VIVEKĀNANDA NARENDRANĀTH DATTA dit (1863-1902)
Le samnyāsin, disciple de Râmakrishna
Violent de nature, Narèndra voulut aller jusqu'au bout, et tout de suite : il se fit samnyāsin (« renonçant », sorte de moine de l'hindouisme) dans l'aśram (āśrama) de Râmakrishna et exigea de son guru (maître spirituel) la connaissance la plus haute. Le maître, qui était convaincu depuis longtemps de la sincérité de Narèndra et avait reconnu en lui une âme exceptionnelle, lui permit d'atteindre très vite le samādhi complet, cette expérience parfaite de l'Absolu, qui normalement ne s'obtient qu'après des années de recherche obstinée et d'exercices ardus. En fait, on aurait dit que Râmakrishna, sentant sa fin prochaine (il devait mourir en 1886, deux ans après l'entrée de Narèndra à l'aśram) et le tenant pour son meilleur disciple, voulait lui conférer au plus tôt les signes visibles de sa prééminence.

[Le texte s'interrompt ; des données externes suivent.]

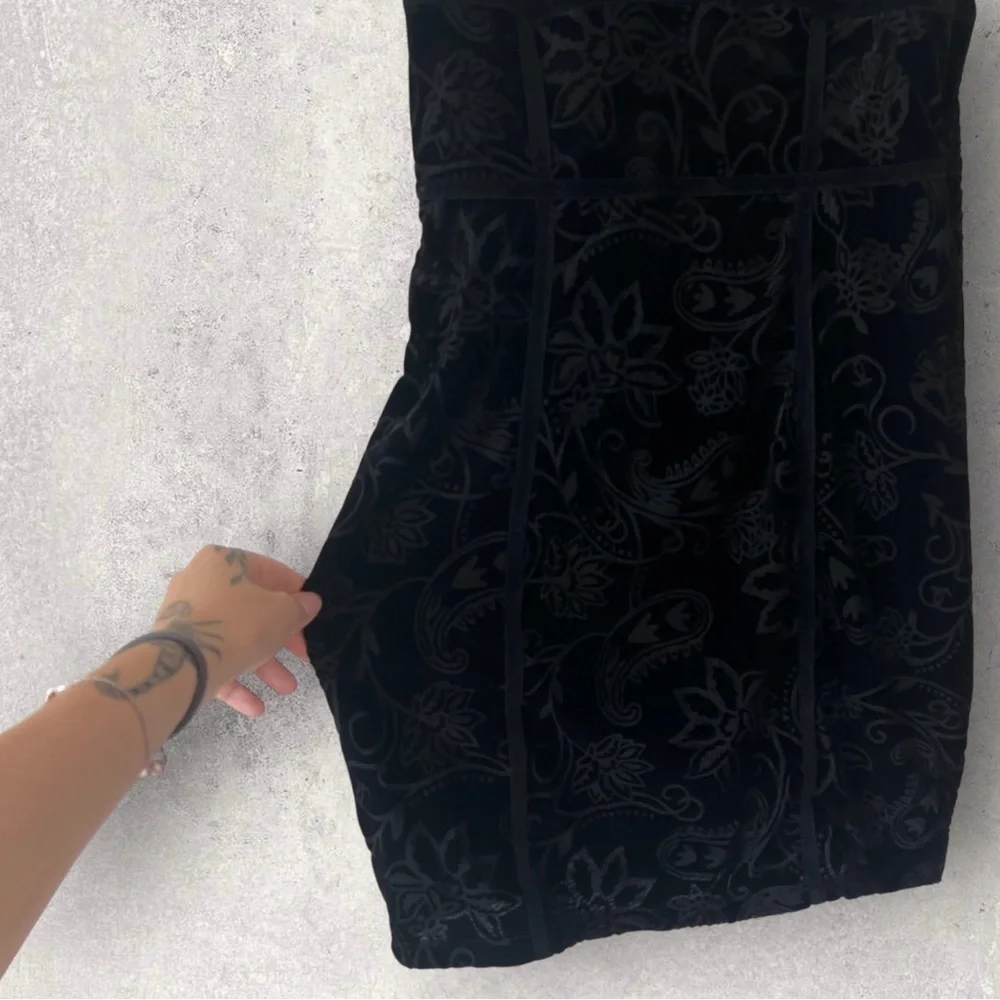 Intimately by Free People Black Velvet Burnout Babe Mini Dress Size M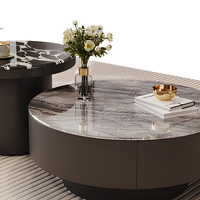 Table basse moderne de style italien, légère et luxueuse, minimaliste, avec plateau en verre, réglable, en pierre, petite taille, pour salon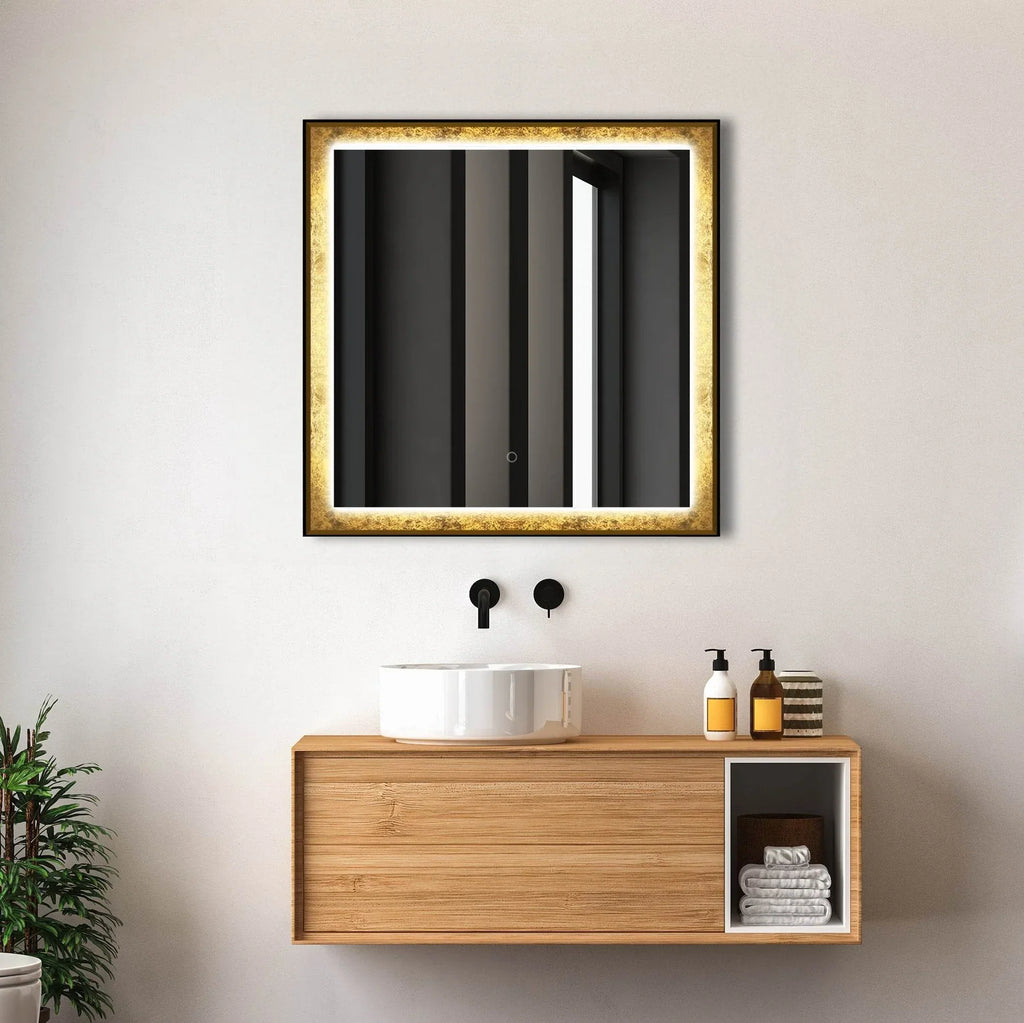 Rimmed LED Lighted Mirror with Gold Frosted Border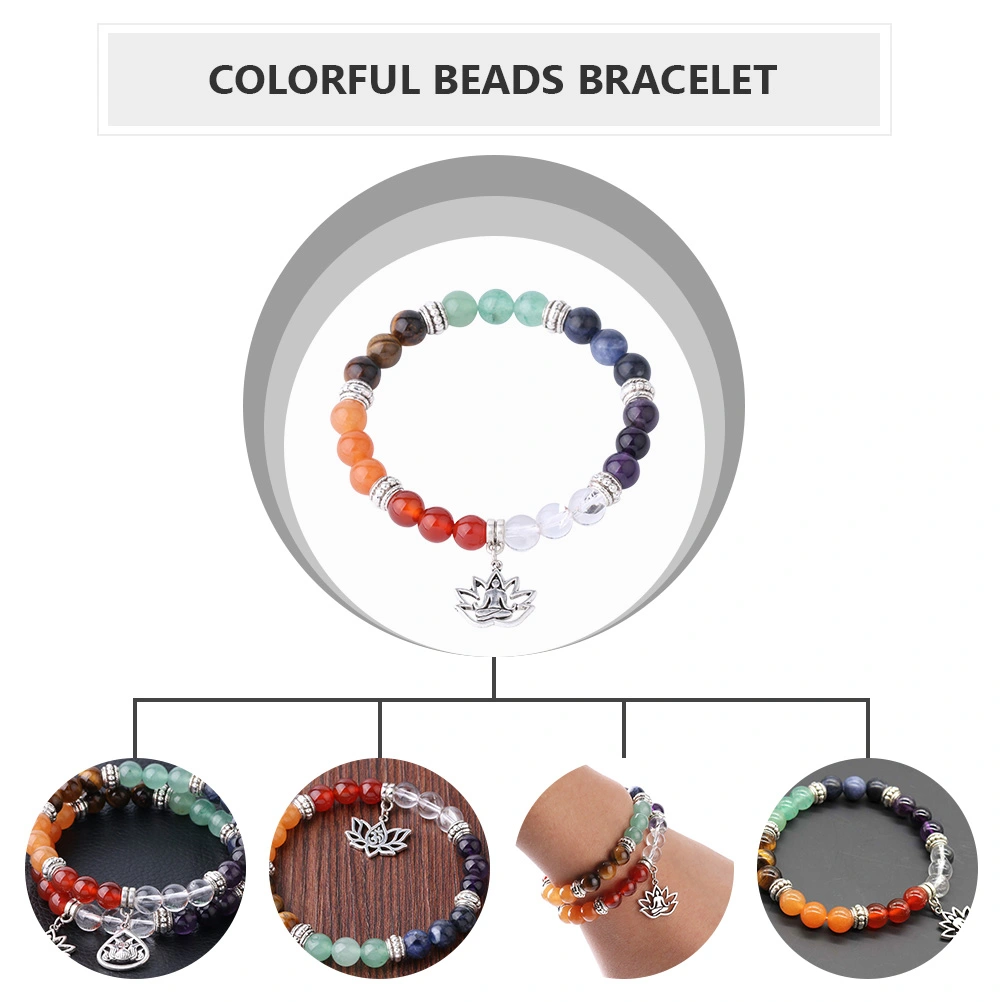 1Pc Colorful Energy Stone  Bracelet Yoga Bracelets Wrist Decor (Assorted Color)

Après la mort du maître, Narèndra, désigné par lui comme son successeur, révéla ses talents d'organisateur et sa fougue de prédicateur. Sous son impulsion, la communauté des disciples se structura et étendit son influence. En 1892, à l'âge de vingt-neuf ans, il s'embarqua pour un tour du monde et, à cette occasion, prit officiellement son nom de religieux : Vivékânanda, « Celui qui trouve sa joie (ānanda) grâce à la discrimination (viveka ; terme métaphysique utilisé dans le Vedānta) ». Par le Japon, il gagna l'Amérique, prêcha à Chicago, à l'occasion de la réunion d'un « Parlement des religions », puis à Boston. L'influence de sa prédication fut considérable aux États-Unis, où, depuis cette époque, l'hindouisme a toujours été considéré avec sympathie. En Angleterre, il trouva un public averti – et pour cause – des choses de l'Inde et y eut peu de peine à faire des disciples (telle Margaret Noble, qui le suivit en Inde où elle se fit nonne sous le nom de Nivéditâ). Il voyagea ensuite en Europe, notamment en Allemagne, puis s'embarqua pour l'Inde où il rentra après quatre années d'absence.

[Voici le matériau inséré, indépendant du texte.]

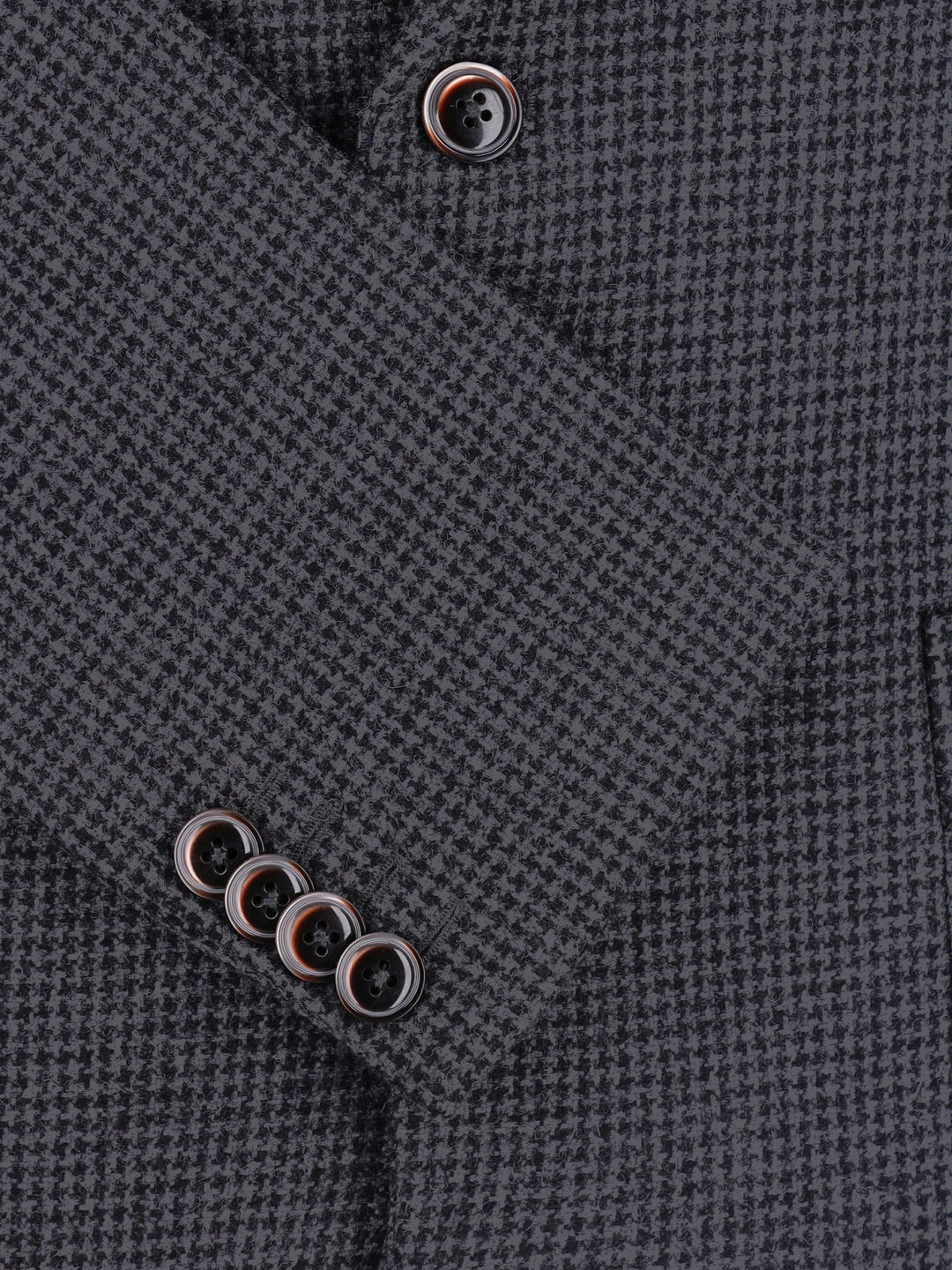Grey & Black Houndstooth Wool Blended Blazer Brumano Pakistan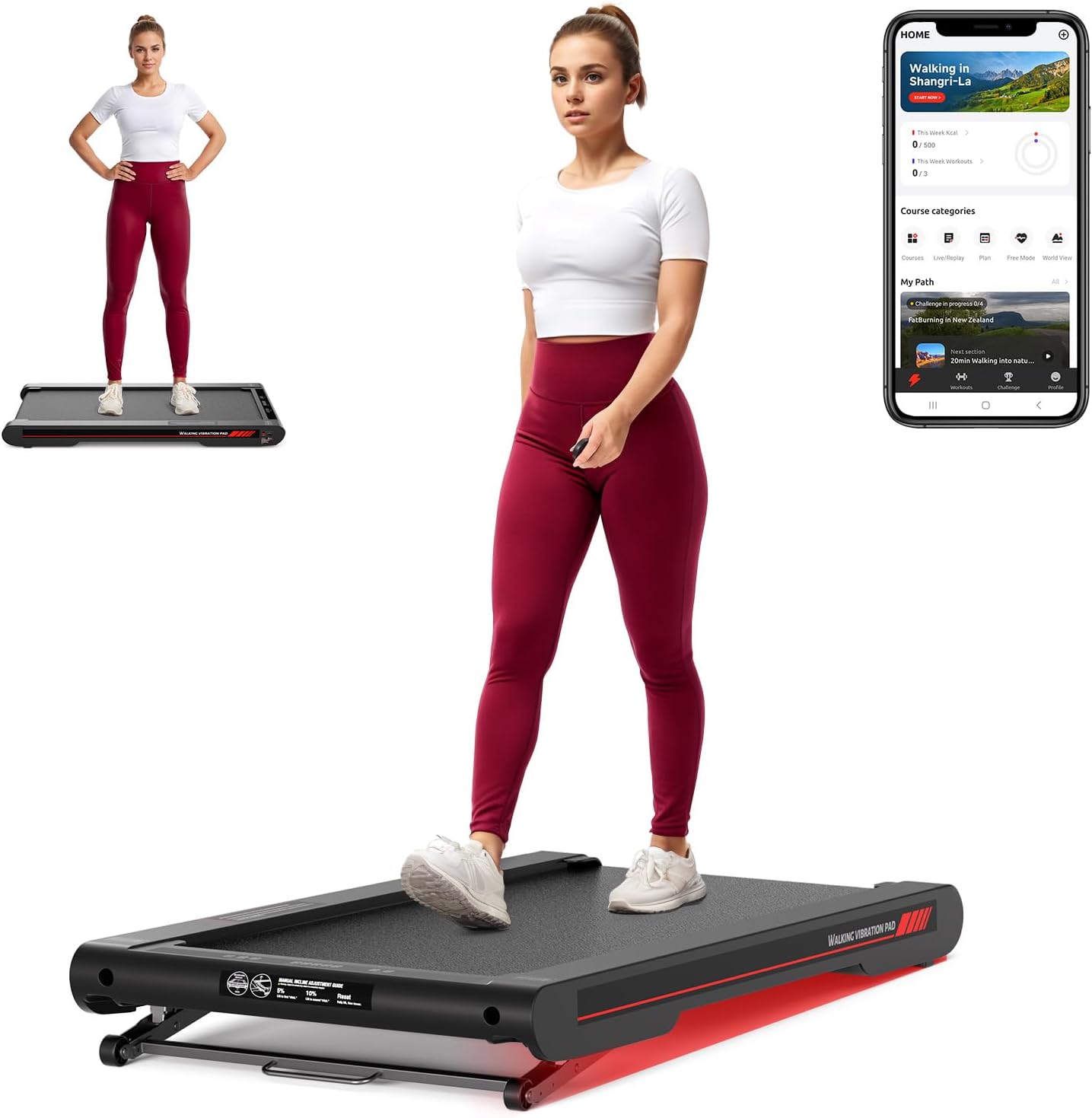 Lysole 4 in 1 Walking Vibration Pad, Under Desk Treadmill, 4 Vibration Modes, Portable Vibration Walking Pad for Homes and Offices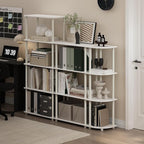 Furinno TURN-N-TUBE Storage Shelves, 4-Tier Toolless Book Shelf, Corner Shelf, Toolless Open Shelves, for Organization and Storage, Living Room, Garage, Home Office, White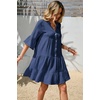 image:imageRVivimos Cotton Dresses for Women Summer V Neck 34 Flare Sleeve Button Front Casual Loose Tiered Mini DressNavyblue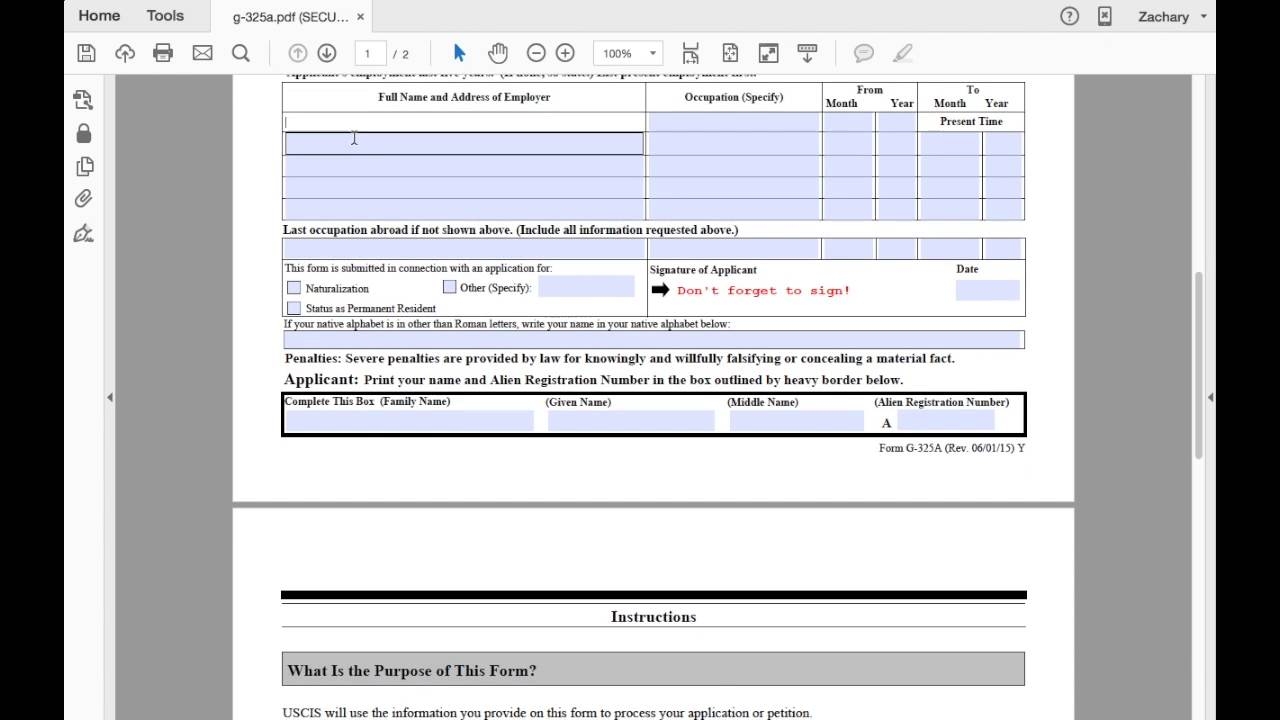 Biographic Information Uscis Form G-325a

Son retour est triomphal : les journaux ayant abondamment relaté ses succès (en les exagérant quelque peu), il passe pour une sorte de héros national et les conférences qu'il donne lui permettent de trouver de l'argent, de faire des disciples, enfin d'implanter en plusieurs villes des monastères (maṭh). Cela impliquait la création d'un ordre monastique, hiérarchisé, ayant sa règle, ses abbés (appelés swāmi, « maîtres »), à la façon des ordres religieux chrétiens. Il l'organisa et lui adjoignit une « Râmakrishna Mission », vouée à la diffusion de la pensée du fondateur tant en Inde qu'à l'étranger. Il s'agissait là de quelque chose d'entièrement nouveau pour le subcontinent : si l'hindouisme s'était répandu dans la péninsule indochinoise aux premiers siècles de l'ère chrétienne, la chose n'avait pas été concertée, d'autant moins que, théoriquement, la loi brahmanique (le dharma) interdit les voyages à l'étranger, sous peine d'excommunication. Le travail de la Râmakrishna Mission se révéla fécond et de nombreux étrangers fréquentèrent ses établissements en Europe et en Amérique.

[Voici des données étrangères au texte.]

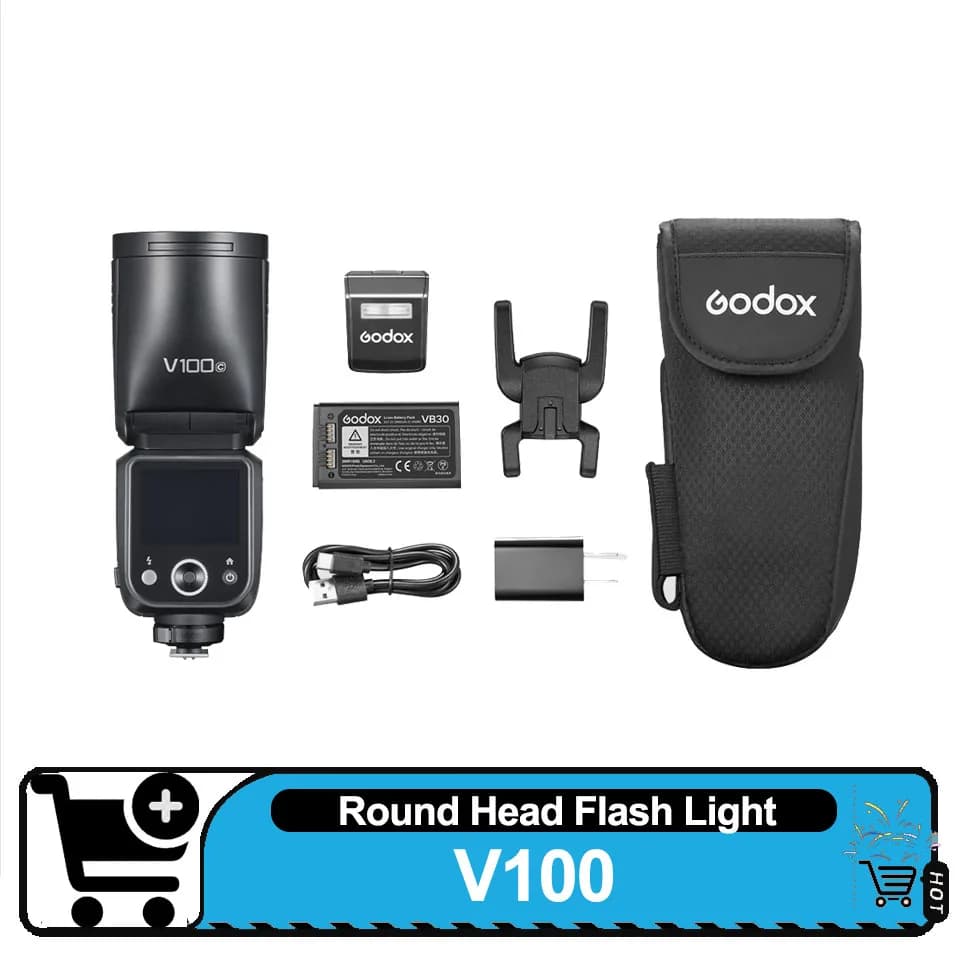 Godox V100 C/N/S/F/O 70 flashs consécutifs pleine puissance écran tactile TTL HSS Flash de caméra à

Vivékânanda alla visiter quelques-unes de ces missions et rentra en Inde gravement malade (il était diabétique). Il mourut à l'âge de trente-neuf ans, donnant l'impression, en raison de son activité inlassable, d'avoir vécu bien davantage. À côté de son travail d'organisateur et de prédicateur, il avait élaboré une œuvre intellectuelle, d'ailleurs directement déterminée par ce travail. On s'en aperçut lorsque furent publiés ses entretiens, causeries, conférences, etc. Surtout consacrée à l'exposition du Vedānta et à des conseils sur la pratique des diverses sortes de [...]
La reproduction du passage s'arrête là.